Cette diminution ne s’explique qu’en partie par des transferts de crédits et la non-reconduction d’opérations ponctuelles. Elle est d’autant plus préoccupante qu’elle est amenée à se poursuivre. En effet, la programmation pluriannuelle des finances publiques fait apparaître pour le programme Tourisme des dotations en baisse à 46, 3 millions d’euros en crédits de paiement pour 2012, puis à 45, 3 millions d’euros pour 2013, soit une réduction de 18, 9 % en quatre ans, de 2010 à 2013.
Les crédits du programme Tourisme apparaissent donc bien modestes au regard de l’importance économique du secteur. J’en avais fait la remarque à Mme la ministre Christine Lagarde lors de son audition devant la commission de l’économie, le 27 octobre dernier. Elle m’avait alors fait part de sa volonté de recentrer les moyens disponibles sur Atout France.
Effectivement, l’action de l’État dans le domaine du tourisme est relayée par certains établissements autonomes, qui jouent un rôle de levier efficace. C’est le cas d’Atout France, qui est un groupement d’intérêt économique résultant de la fusion, en 2009, de Maison de la France, chargée de la promotion de l’image de la France à l’étranger, et d’ODIT France, chargé de l’ingénierie touristique. Atout France intervient sur un marché international du tourisme dynamique, puisqu’il progresse de 4, 5 % à 5 % par an, mais très concurrentiel. Cet opérateur, qui dispose de trente-deux bureaux à l’étranger, doit donc réussir à prendre pied sur les marchés émergents, tout en conservant la part de la France dans les marchés matures.
Je ferai deux observations sur le budget d’Atout France.
D’une part, il fait largement recours au partenariat : sur un budget total de 81, 2 millions d’euros pour 2010, les ressources propres devraient s’élever à 42, 8 millions d’euros, et celles qui sont issues des partenariats devraient se monter à 38, 4 millions d’euros. Cet effet multiplicateur est intéressant, mais il ne saurait justifier le désengagement de l’État.

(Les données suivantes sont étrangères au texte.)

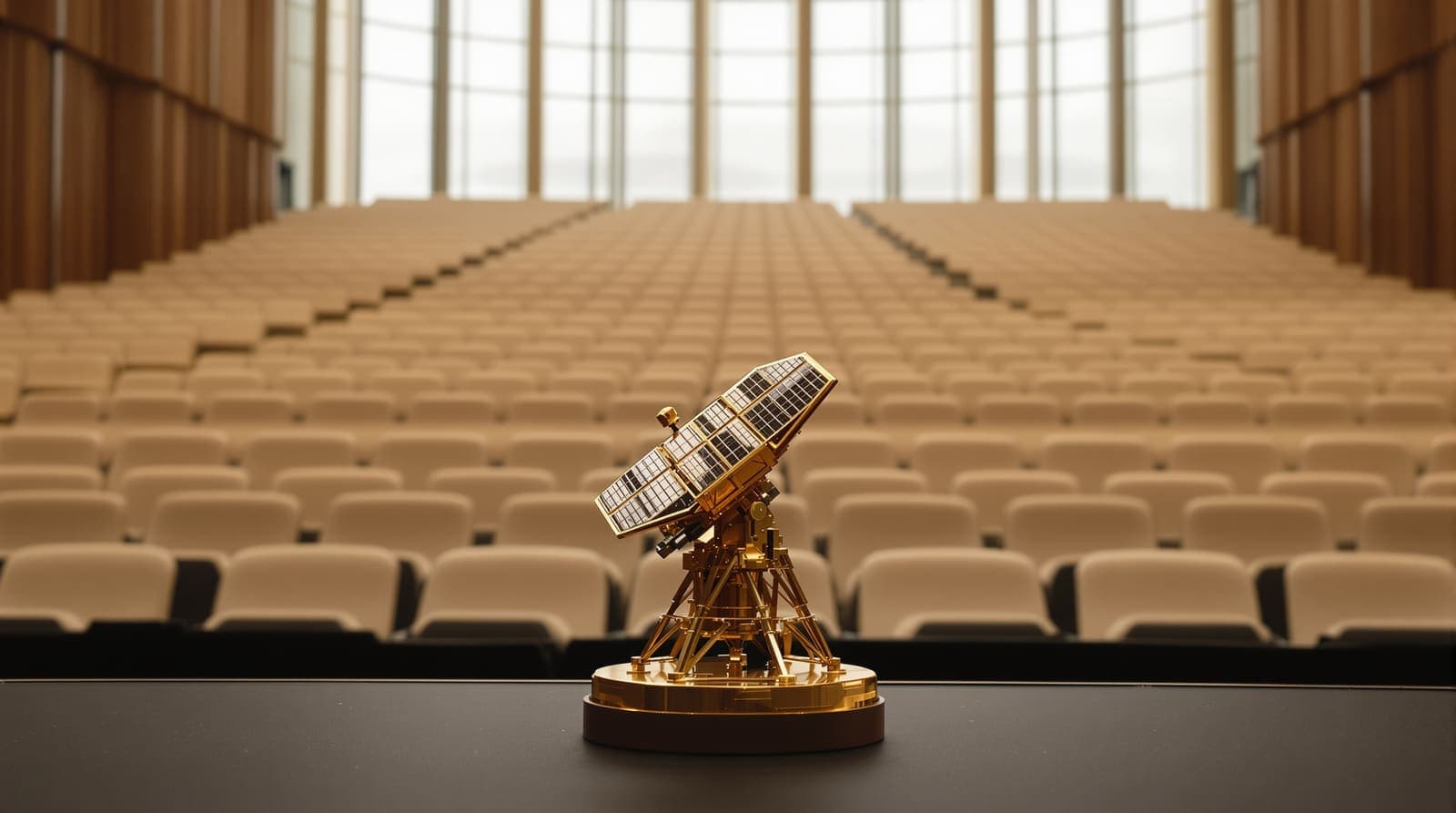 Illustration of a scale model of a space telescope at the edge of a stage, rows of empty seats rising to tall windows in a Tel Aviv conference hall.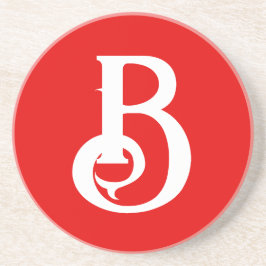 Posavasos Letra inicial clásica blanca monogramada roja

D’autre part, la loi du 22 juillet 2009 de développement et de modernisation des services touristiques a étendu les missions régaliennes d’Atout France, en confiant à ce GIE notamment le classement des hébergements touristiques, l’immatriculation des agents de voyages et le référentiel des offices de tourisme. Or, aucun crédit supplémentaire n’a été accordé à l’agence au titre de ces nouvelles missions, qui occupent pourtant douze emplois.
L’action de l’État dans le secteur du tourisme est également relayée par un autre établissement public, l’Agence nationale pour les chèques-vacances. Or, l’ANCV ne reçoit aucune subvention, mais se finance en prélevant une commission de 1 % sur les chèques-vacances qu’elle émet et rembourse. Elle dégage même ainsi des excédents de gestion qui lui permettent de contribuer à la rénovation du patrimoine du tourisme social et d’accompagner les actions de solidarité organisées par les associations.
En conclusion, j’estime que le dynamisme des établissements intervenant pour le compte de l’État dans le secteur du tourisme ne saurait suppléer le désengagement financier de celui-ci. La réduction sensible des crédits du programme Tourisme, qui étaient déjà très modestes, est sans commune mesure avec l’importance du tourisme pour notre économie.
Pour ces raisons, je me suis abstenue sur ces crédits de la mission « Économie » pour 2011, alors que la majorité des membres de la commission les ont adoptés.